XCreds Setup with Google OIDC

Created On
Last Updated On
byDave Lebbing
You are here:

Download the example Google mobileconfig file.

To use XCreds with Google as the OIDC provider:

  1. Make sure you use build 1276 or later of XCreds.
  2. Create a project or select an existing project in the Google Cloud console.
  3. Go to API & Services-> Credentials.
  4. Create a consent screen by clicking the Configure Consent Screen:

    XCreds setup Google consent screen

  5. Select User Type as Internal (or as appropriate for your organization):

    XCreds setup Google user type

  6. Fill out the App information with your organization appropriate info:

    XCreds setup Google app information

  7. Leave Scopes empty:

    XCreds setup Google scopes

  8. Go to the credential section and add an OAuth Client ID by clicking Create Credentials->OAuth Client ID

    XCreds setup Google credentials oauth client id

  9. Select the Web Application and the following details:

    Application Type: Web Application
    Name: XCreds
    Redirect URL: https://twocanoes.com/xcreds-redirect



  10. Copy client id and secret

    XCreds setup Google OAuth client

  11. Create a profile and make sure to change the scope to not include offline access (scopes should be profile openid).
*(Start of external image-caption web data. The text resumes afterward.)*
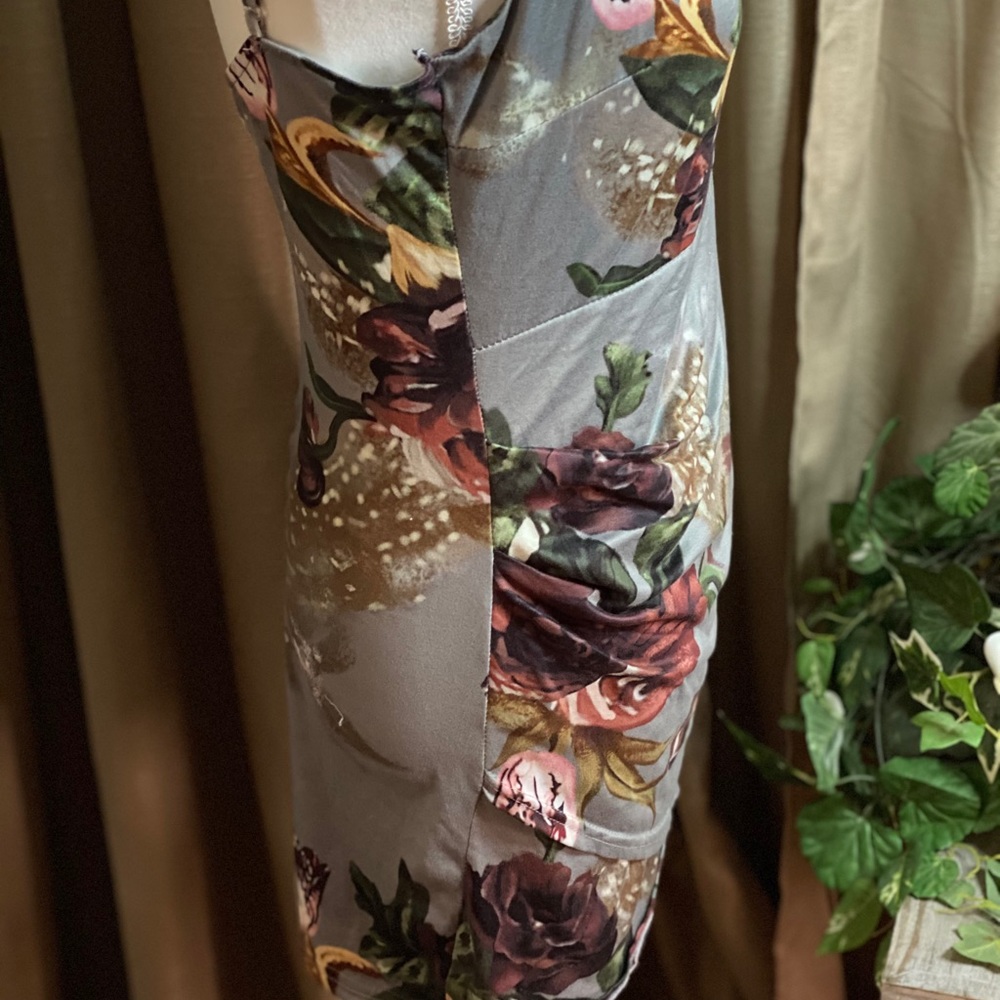 Dress - Picture 2 of 4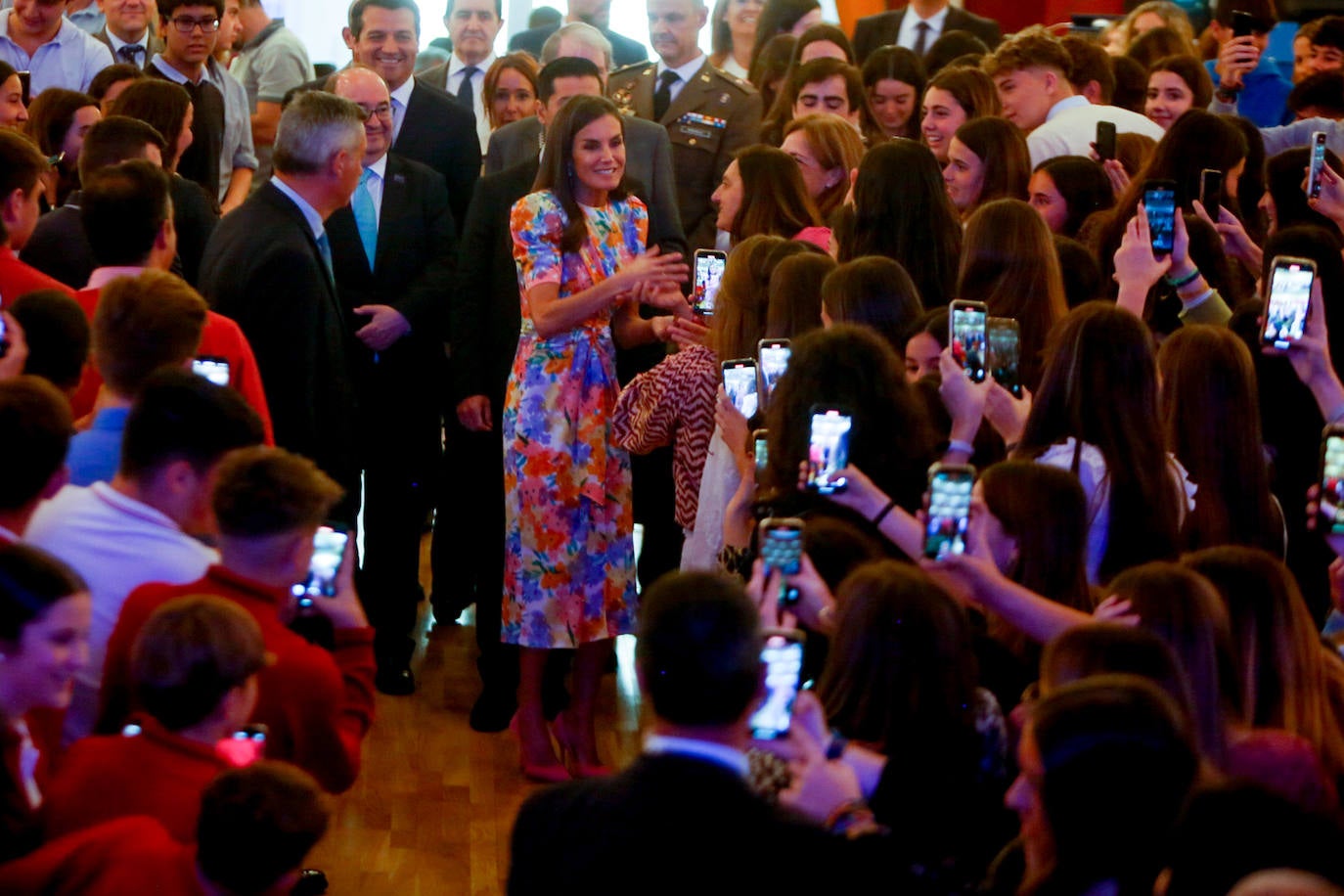 La reina Letizia sorprende con su &#039;look&#039; más multicolor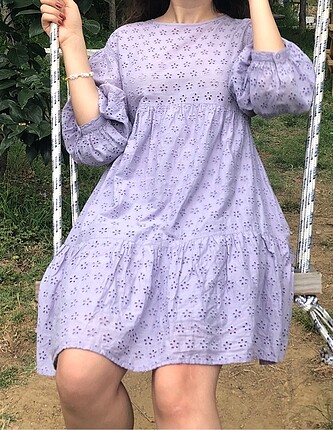 Lila elbise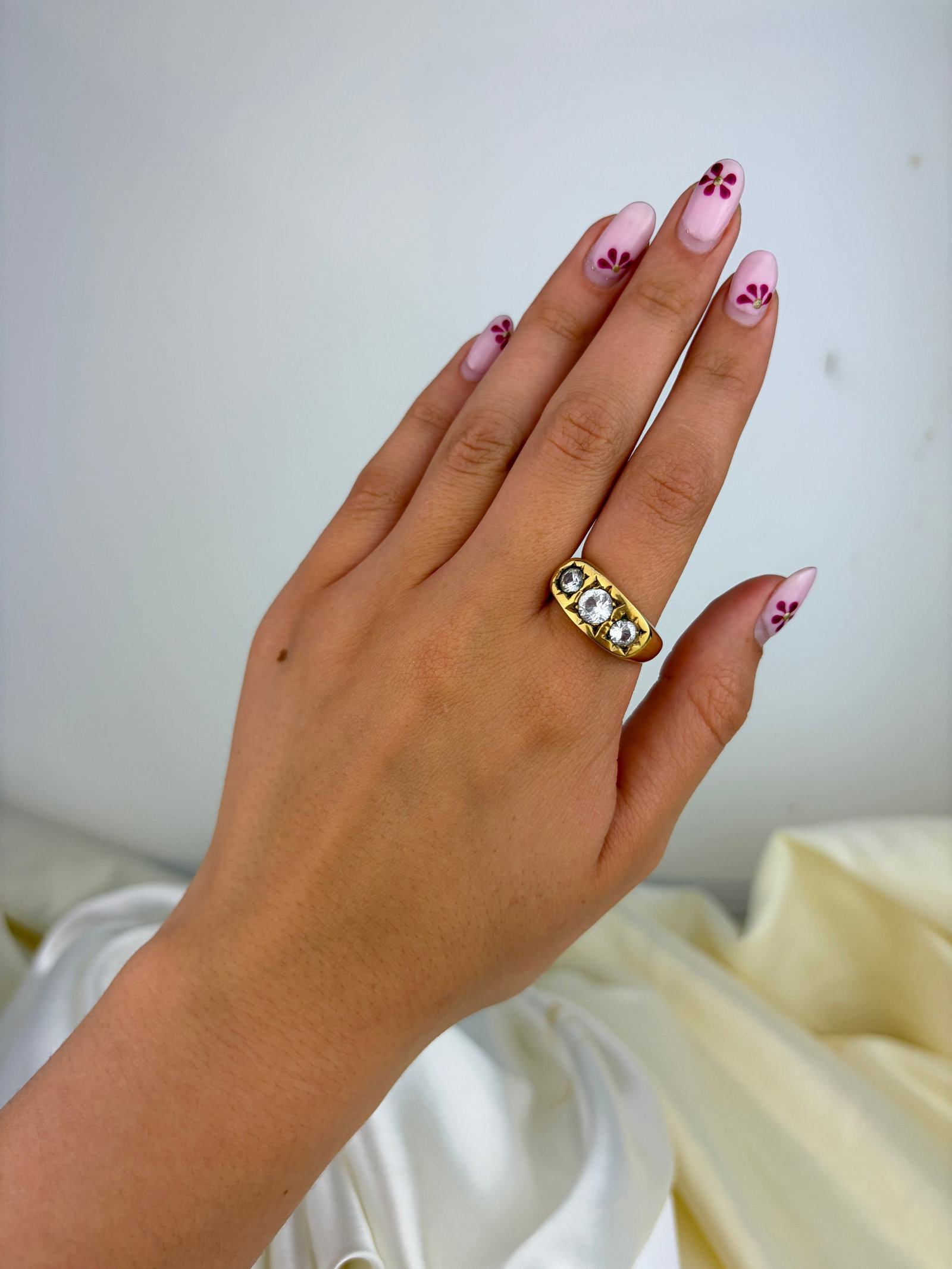 CHUNKY VINTAGE WHITE SPINEL 3 STONE STAR SET RING - 7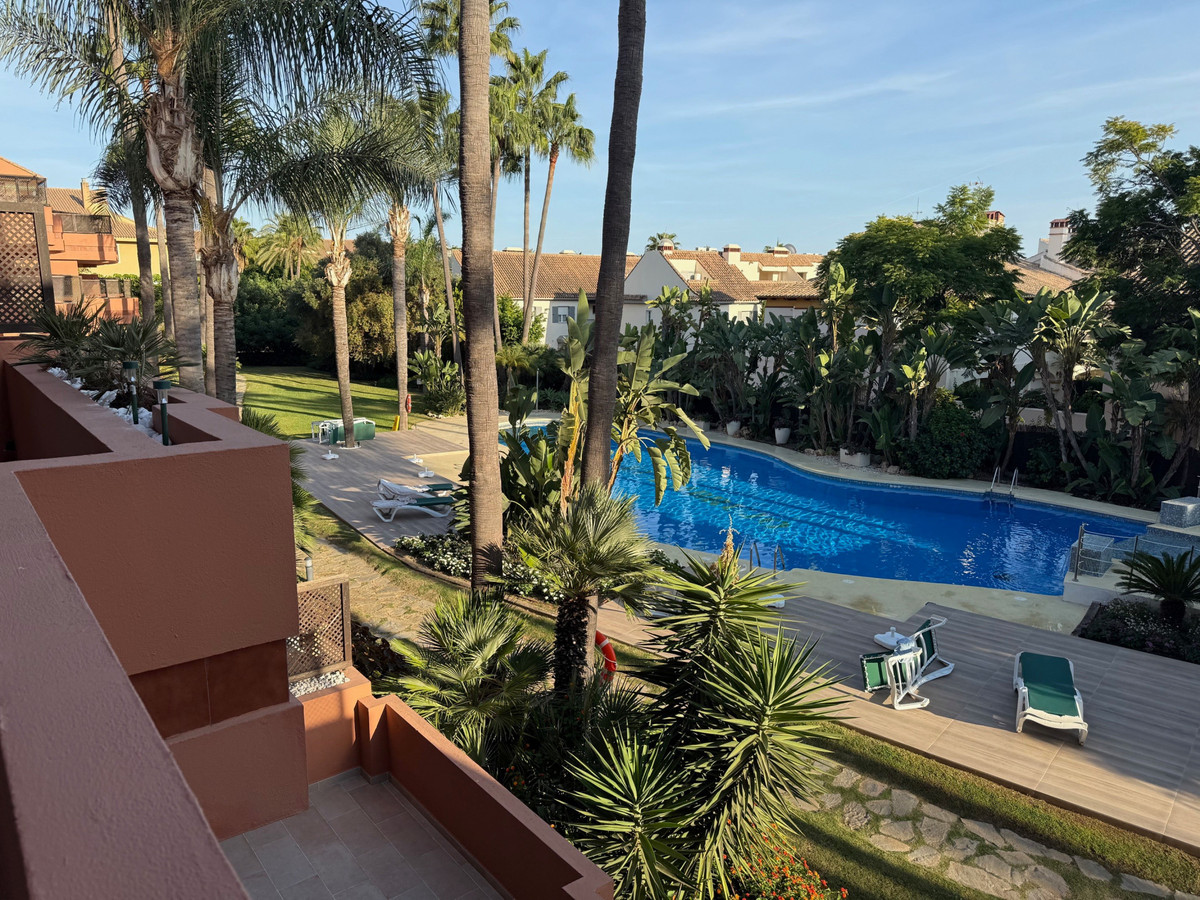 Te koop Middle Floor Apartment Costa Del Sol Puerto Banús € 790.000,-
Then set the preference for Request Google Refresh Token (shouldSetGoogleAccessTypeToOffline) to be checked (true). Also, make sure to set the Redirect URI to the value you set above (in this example, `https://twocanoes.com/xcreds-redirect`).


  12. It may also be helpful to add the preference aliasName to the profile and set it to a value such as given_name. This is optional but may help if offline user sign-in is needed. By default the macOS user name created will otherwise be the value returned in the Google auth payload for sub, which may be a difficult value to enter for user name.